Top of PROVIDED RECORDS

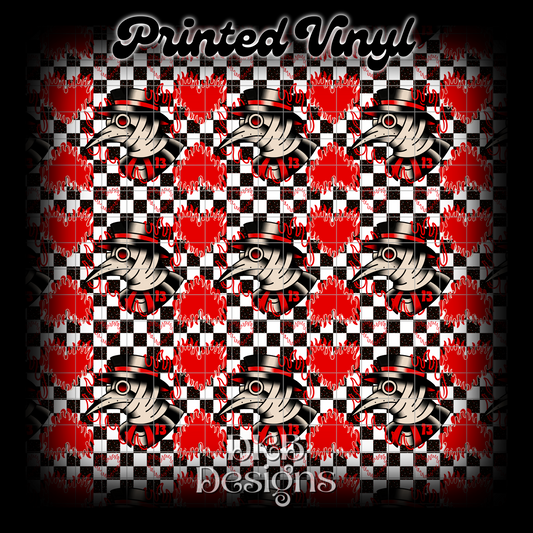 This too shall pass Printed Vinyl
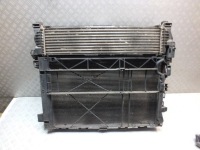 фото thumb №1, Mercedes vito w447 1.6 cdi комплект радиатор вентилятор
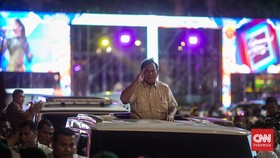 Prabowo Buka Suara soal Usul Dana Zakat untuk Bantu Program MBG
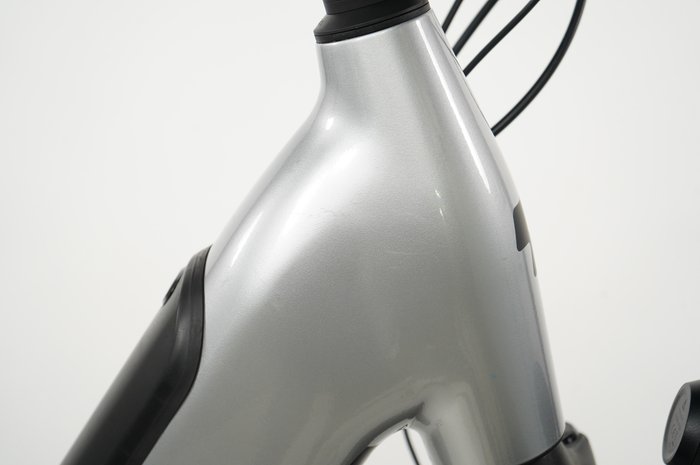CUBE Supreme Hybrid SLX 625 Easy Entry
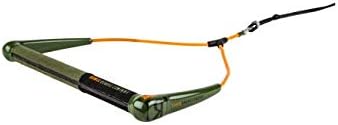 Ronix North - Dyneema BarLock - Handle - Hide A.F. Grip - Black/Olive/Orange (2020)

Bottom of PROVIDED RECORDS

### EXERCISE
From the first line to the last, return the material above exactly, apart from the pictures.

### EXERCISE SOLUTION
 This too shall pass Printed Vinyl
 фото thumb №1, Mercedes vito w447 1.6 cdi комплект радиатор вентилятор
 Prabowo Buka Suara soal Usul Dana Zakat untuk Bantu Program MBG
CUBE Supreme Hybrid SLX 625 Easy Entry
 Ronix North - Dyneema BarLock - Handle - Hide A.F. Grip - Black/Olive/Orange (2020)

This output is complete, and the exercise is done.